In the refugee camps of Iraqi Kurdistan, the insurgents are not often what they seem.

ERBIL, IraqOn June 17, late at night, a man wandered between the neat rows of newly erected tents at the Khazer refugee camp, startling the Kurdish photographer Ali Arkady awake. After a long day among the displaced -- a few hundred Iraqis who had fled Mosul after it was taken over by the Islamic State of Iraq and al-Sham (ISIS) -- Arkady had fallen asleep near where two local aid workers sat eating a late dinner. He watched as the aid workers shined their dim cellphone lights onto the face of the man, who looked "shocked," Arkady later told me, like he had been caught.
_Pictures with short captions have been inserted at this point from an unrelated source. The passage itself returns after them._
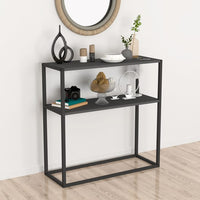 Masă consola decorativa cu 2 rafturi, 90x90x33,5 cm, efect stejar și cadru metalic - imagine 9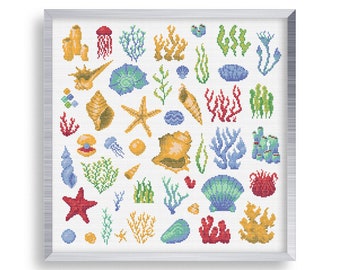 47 Tiny Cross Stitch Seashells , Mini Cross Stitch Corals, Small Easy Ocean Animals Embrodiery Pattern , Simple Cross Stitch Pearl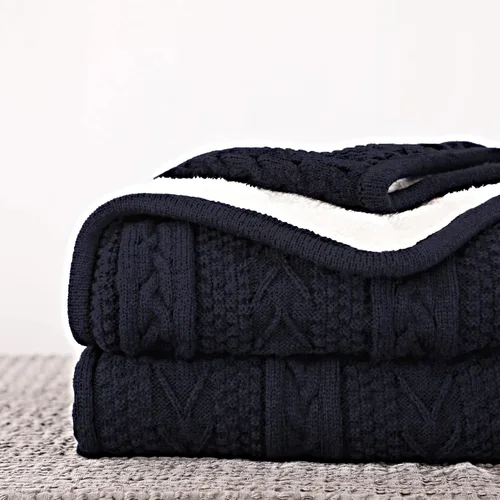 Vista 17 de Longhui bedding - Manta de punto trenzado de acrílico sherpa, gruesa, suave, grande, acogedora, manta de vellón tejida de color rojo vino para sofá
Single men who claimed to be displaced were not being allowed into Iraqi Kurdistan -- at least not without going through a lengthy process, including securing a local guarantor, to prove they were harmless. The man must have known that he would not have been offered refuge at Khazer, and so Arkady and the aid workers assumed he didn't plan on staying long. "That's why we thought he was from ISIS," Arkady told me.  

Arkady and the aid workers immediately suspected he had come to kidnap the Iraqi soldiers at this camp set up in Iraq's autonomous Kurdish north, which had become a makeshift home for Iraqis fleeing the fighting just south of the Kurdish border. ISIS's propaganda has lately centered on chilling photos and video of government soldiers who had either already been executed by the jihadists or were on the way to their death.

The Iraqis who have walked or driven through the Kurdish peshmerga's checkpoints to reach the Khazer refugee camp have divergent accounts of the extremist group that uprooted them. Nazir Mohammed, a 46-year-old father of three, told me he was more worried about the retaliatory shelling by Prime Minister Nouri al-Maliki's troops than ISIS. So he hauled his family north: His young kids screamed in the car, tired from the heat, while Mohammed secured a small cage of birds to the roof, covering it gently with a blanket.

It was impossible to tell whether Mohammed's account was genuine or professed out of the kind of intense fear that can tail a person into safety. "[ISIS doesn't] interfere in people's lives," he said. "They tell us not to be afraid. Of course, we know it would be different if we were Shiite."

That shocked but sanguine -- and sometimes supportive or even grateful -- assessment of ISIS has been echoed throughout the camp as the community grows. Some observers and journalists see it as evidence that the extremist group was aided by local Sunni leaders, who had personal connections to the internally displaced people. Others read that politically savvy Baathists, dormant since the fall of Saddam Hussein, had helped ISIS win hearts and minds.

Whatever the implication in Mohammed's account, ISIS in Iraq was revealing itself to be a much more diverse organization than previously portrayed. "ISIS is just the cover," Hemin Hawrami, the head of foreign relations for the Kurdistan Democratic Party, told me. "They don't have more than 2,000 fighters. Is it possible for 2,000 fighters to get control of a vast area.... [The territory ISIS has captured] is bigger than all of Iraqi Kurdistan!"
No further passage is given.